When you copy the material below, keep every line exact and omit the pictures.
(DATA SECTION Opens)
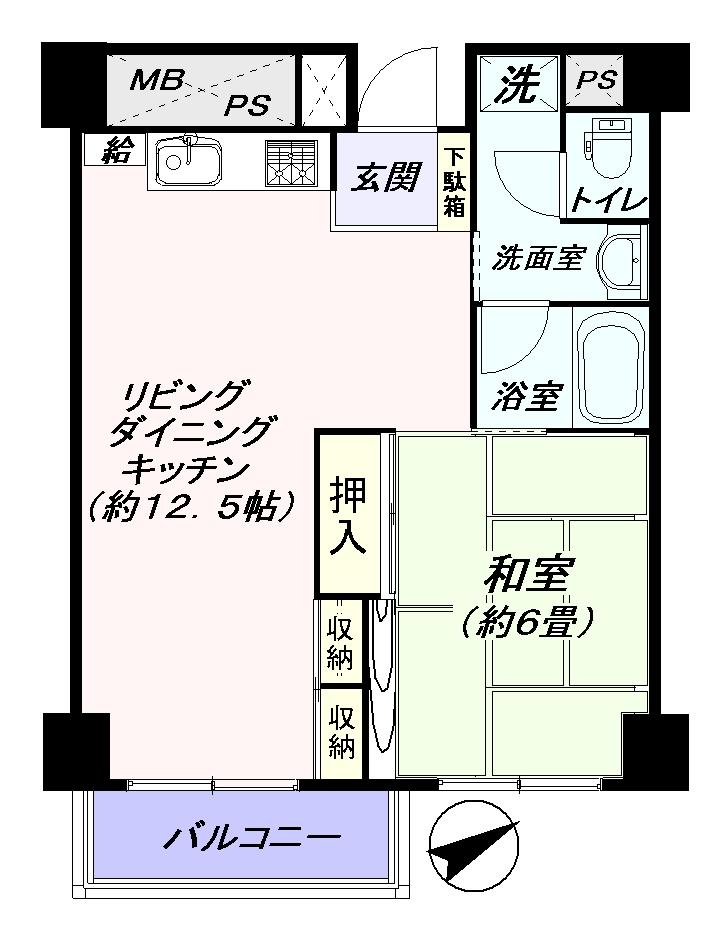 Floor plan. 1LDK, Price 17.8 million yen, Occupied area 44.16 sq m , Balcony area 4.2 sq m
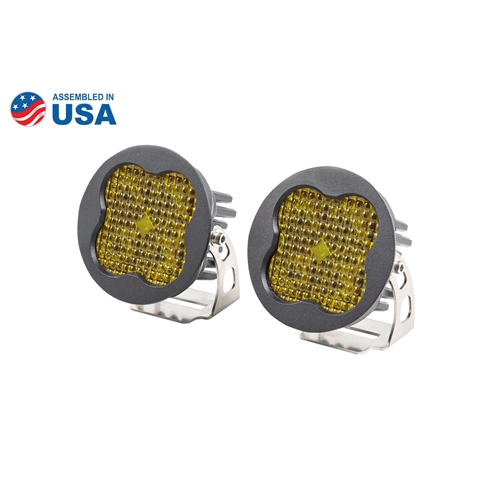 Diode Dynamics Worklight SS3 Sport Yellow Flood Round Pair 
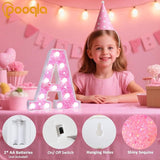 Pooqla LED Marquee Letter Lights, Light Up Pink Letters Glitter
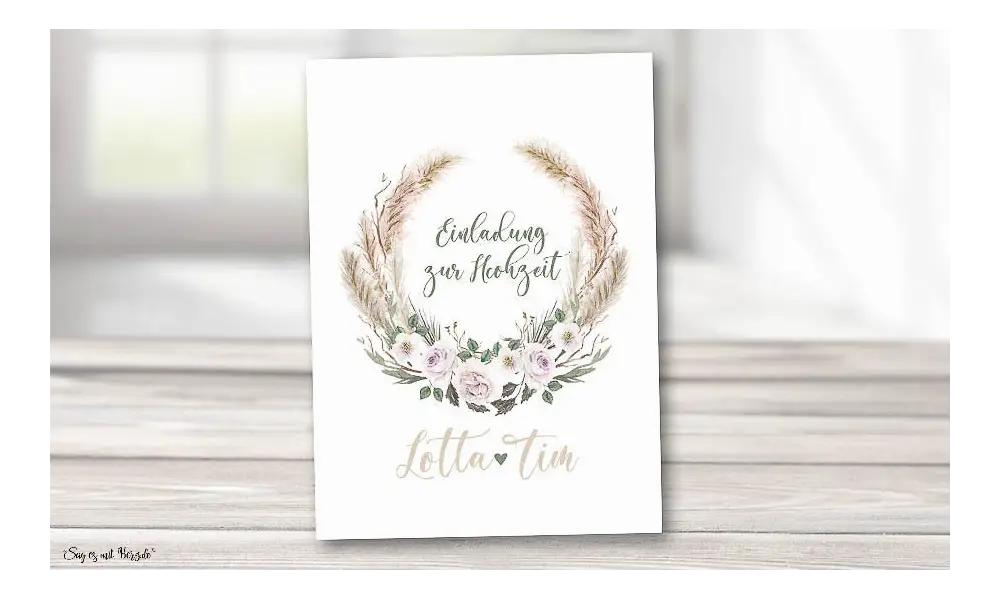 Einladungskarten Hochzeit Bohemian floral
(DATA SECTION Closes)
> _ANSWER SPACE_
 Floor plan. 1LDK, Price 17.8 million yen, Occupied area 44.16 sq m , Balcony area 4.2 sq m
 Diode Dynamics Worklight SS3 Sport Yellow Flood Round Pair 
 Pooqla LED Marquee Letter Lights, Light Up Pink Letters Glitter
 Einladungskarten Hochzeit Bohemian floral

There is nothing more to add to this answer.